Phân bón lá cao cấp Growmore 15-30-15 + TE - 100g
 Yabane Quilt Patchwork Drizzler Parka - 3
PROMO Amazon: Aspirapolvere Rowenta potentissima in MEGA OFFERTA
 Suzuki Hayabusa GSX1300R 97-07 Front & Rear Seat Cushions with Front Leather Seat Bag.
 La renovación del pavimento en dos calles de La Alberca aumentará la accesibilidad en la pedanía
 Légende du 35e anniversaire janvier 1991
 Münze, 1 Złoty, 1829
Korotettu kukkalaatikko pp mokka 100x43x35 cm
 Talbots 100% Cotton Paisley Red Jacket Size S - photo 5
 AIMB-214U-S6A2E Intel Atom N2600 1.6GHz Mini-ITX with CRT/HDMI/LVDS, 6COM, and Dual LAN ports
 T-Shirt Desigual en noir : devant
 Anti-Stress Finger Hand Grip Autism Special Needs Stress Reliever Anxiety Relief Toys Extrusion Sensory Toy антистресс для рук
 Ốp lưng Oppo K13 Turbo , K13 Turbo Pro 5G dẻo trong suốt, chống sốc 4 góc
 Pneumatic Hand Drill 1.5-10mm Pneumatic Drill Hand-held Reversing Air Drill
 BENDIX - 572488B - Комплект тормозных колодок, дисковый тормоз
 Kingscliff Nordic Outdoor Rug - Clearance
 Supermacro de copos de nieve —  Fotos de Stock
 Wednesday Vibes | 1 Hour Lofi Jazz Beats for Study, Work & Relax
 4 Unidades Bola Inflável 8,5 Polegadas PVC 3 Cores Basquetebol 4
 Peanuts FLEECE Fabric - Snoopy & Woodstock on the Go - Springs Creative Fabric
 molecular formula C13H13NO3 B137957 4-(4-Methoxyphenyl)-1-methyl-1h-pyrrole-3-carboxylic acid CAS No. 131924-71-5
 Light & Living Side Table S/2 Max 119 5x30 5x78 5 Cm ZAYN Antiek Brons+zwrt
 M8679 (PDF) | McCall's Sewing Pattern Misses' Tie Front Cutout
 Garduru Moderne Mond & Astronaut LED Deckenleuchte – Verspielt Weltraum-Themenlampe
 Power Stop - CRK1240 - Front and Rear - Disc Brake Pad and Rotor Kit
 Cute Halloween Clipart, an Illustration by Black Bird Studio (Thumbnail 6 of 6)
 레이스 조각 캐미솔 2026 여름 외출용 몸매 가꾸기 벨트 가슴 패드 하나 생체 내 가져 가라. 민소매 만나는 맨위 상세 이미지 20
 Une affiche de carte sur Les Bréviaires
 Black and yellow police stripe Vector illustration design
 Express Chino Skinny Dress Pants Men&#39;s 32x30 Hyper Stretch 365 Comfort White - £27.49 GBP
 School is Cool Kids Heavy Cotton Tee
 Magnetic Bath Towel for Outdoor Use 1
§ §
Task description. Scan the material above. Return every line containing the string "Front".

Solution to this problem.
 Suzuki Hayabusa GSX1300R 97-07 Front & Rear Seat Cushions with Front Leather Seat Bag.
 M8679 (PDF) | McCall's Sewing Pattern Misses' Tie Front Cutout
 Power Stop - CRK1240 - Front and Rear - Disc Brake Pad and Rotor Kit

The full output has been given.